((
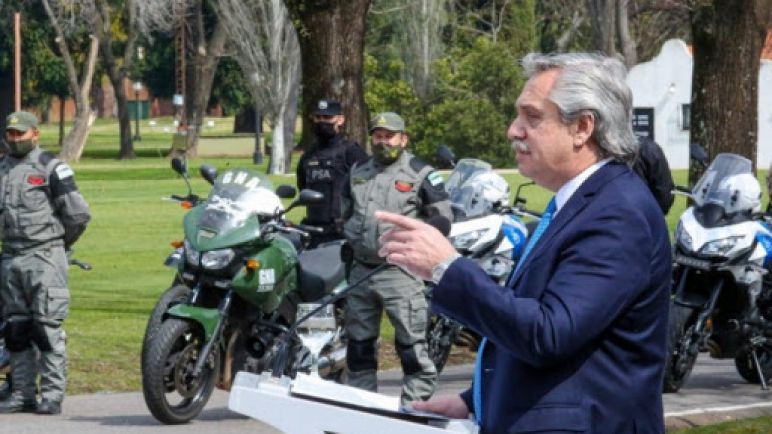 El Presidente aseveró que será "implacable" en el combate a la delincuencia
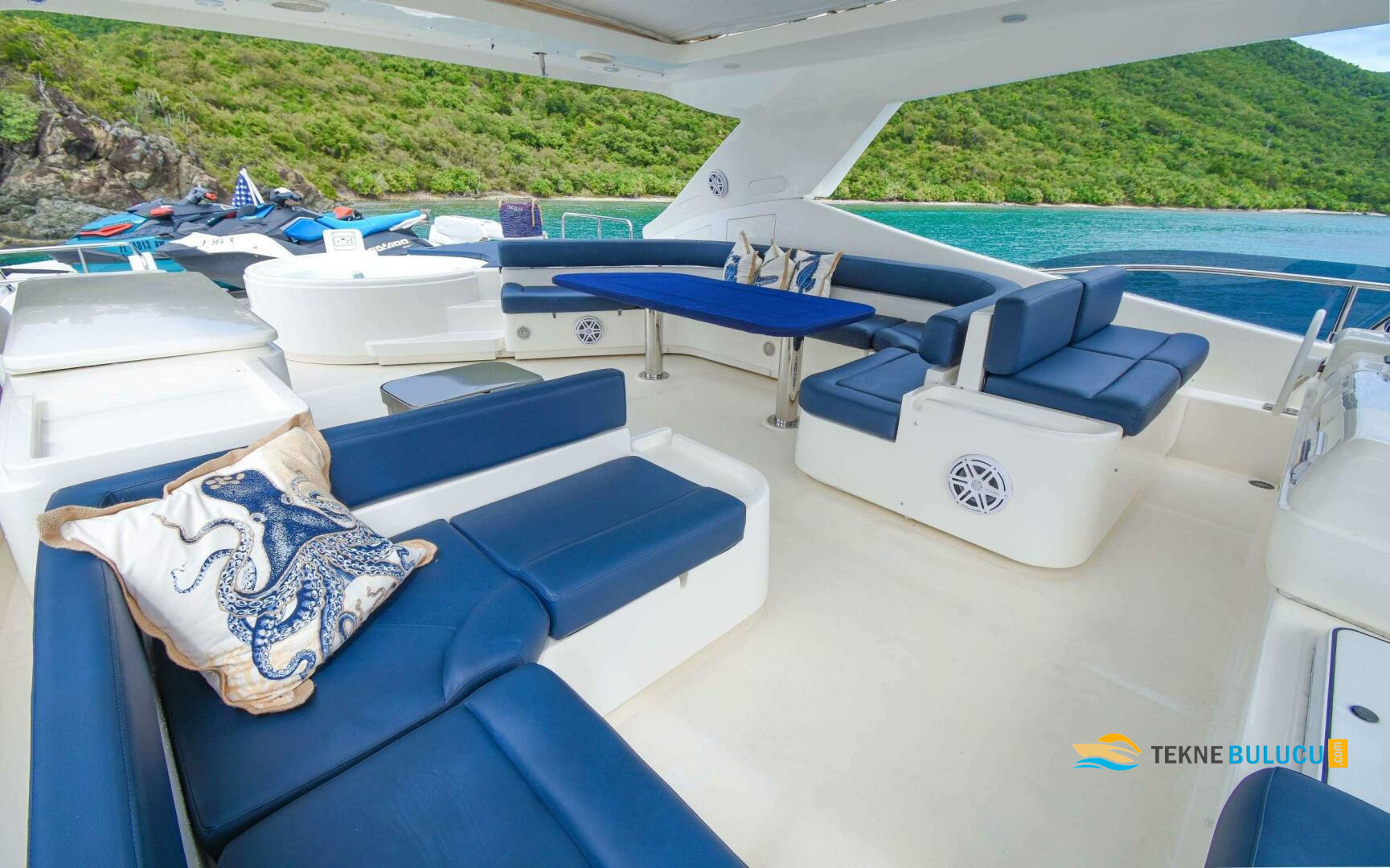 Ferretti 881 2011 iç mekan 3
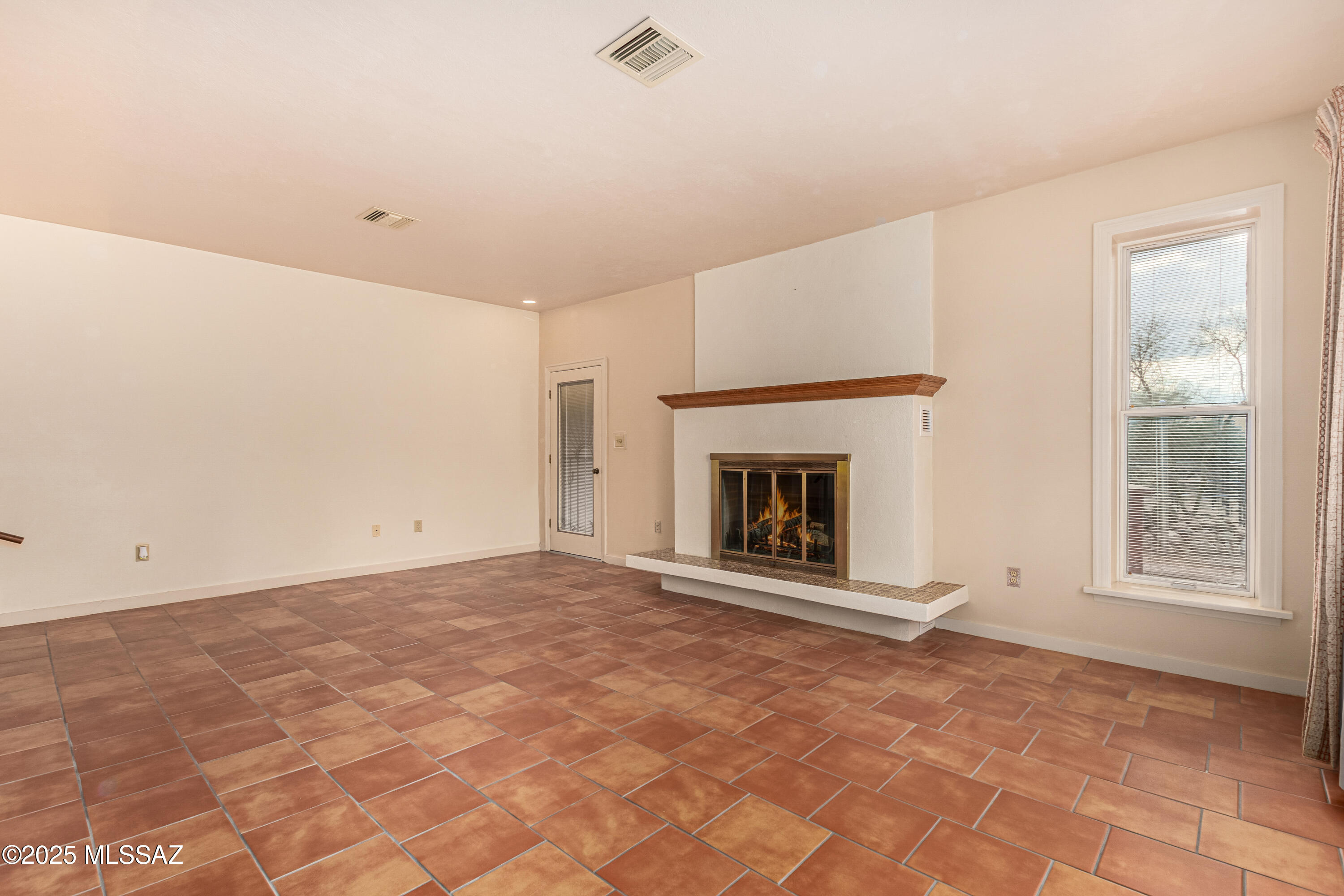 La Bella Vista (1-80) - Residential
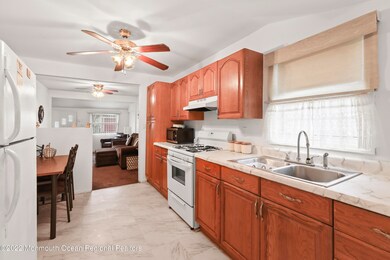 824 10th St, Keyport, NJ 07735 - photo 6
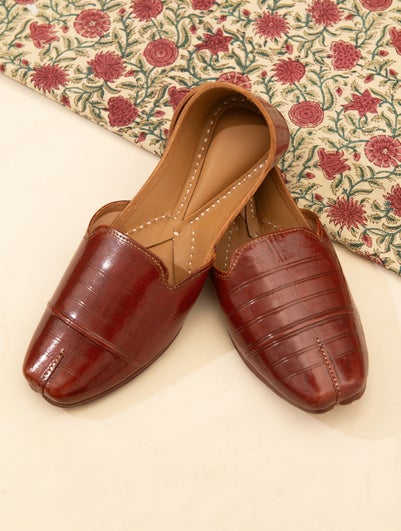 Men Brown Embroidered Mojris & Juttis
))
● **WHAT THE TASK REQUIRES**: Your answer must be the full listing, copied exactly, with no pictures in it.

● **FINISHED TASK**:
 El Presidente aseveró que será "implacable" en el combate a la delincuencia
 Ferretti 881 2011 iç mekan 3
 La Bella Vista (1-80) - Residential
 824 10th St, Keyport, NJ 07735 - photo 6
 Men Brown Embroidered Mojris & Juttis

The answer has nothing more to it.